Administrative tribunals and commissions often have wider, less supervised powers to requisition personal documents than even those given to courts. Some, including some human rights bodies, even have been given power to require persons to answer questions, a power that no police force currently has. These are worrying encroachments on civil liberties. Levant is wrong in apparently believing that these powers are unique to human rights bodies, but the fact that other boards and tribunals have the same powers is less, rather than more, comforting to anyone concerned about the power of the state to go fishing into people’s privacy.
Staffing and appointments can also be issues. There is no doubt that human rights bodies have many dedicated and talented investigators, administrators, lawyers and adjudicators who perform admirably under often difficult institutional conditions. It still needs stressing, however, that high standards of ethics and competence must be made mandatory and must be rigorously maintained and enforced. The issues to be dealt with by human rights bodies will almost by definition include a sensitive balancing of rights and interests. Staffing and appointment decisions cannot be made casually or for ulterior partisan or ideological motives. Real training must be available and ongoing. All these are genuine issues and legitimate concerns that arise from the stories that Levant tells. They deserve genuine attention and effective responses. On the other hand, the specific conclusions that Levant draws should be treated with caution and a healthy dose of skepticism. In the real world, after all, a targeted dose of medicine and judicious changes to lifestyle are usually preferable to amputation.

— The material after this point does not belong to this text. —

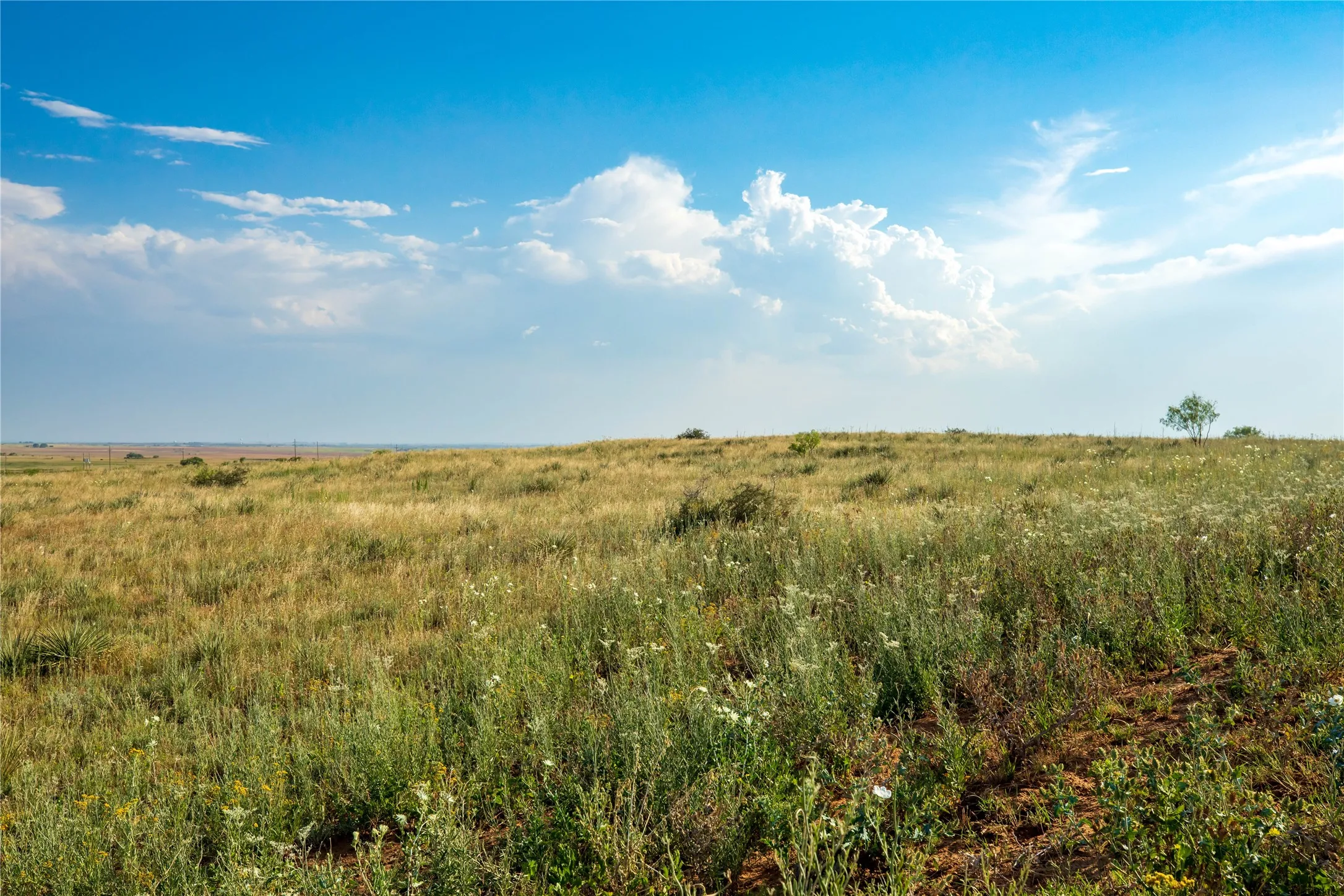 Ranch For Sale in Mitchell County , TBD County Road 458, Colorado City, Texas 79512, 0, 0, Garage spaces, 0 Sqft, built in 0, mls#21066447, Real Estate Agent in Colorado City, Homes For Sale in Mitchell county, Homes For Sale in Colorado City, Realtor in Colorado City Texas, Real Estate Brokerage Independent Realty Texas, Luminita Cordes Realtor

When he is not doing his Rush Limbaugh imitation, Levant provides the reader with a good warm-up for the serious intellectual work needed to address the issues that arise in the adjudication and enforcement of human rights claims. He’ll get your heart pumping and your faculties ready to be challenged.
Just don’t mistake the warm-up for the real work or you are likely to miss the whole point of the exercise.
Mark J. Freiman practises law at Lerners LLP in Toronto. He is a former deputy attorney general for Ontario. In his private practice he has appeared on a wide variety of human rights matters, including acting on behalf of the Canadian Civil Liberties Association.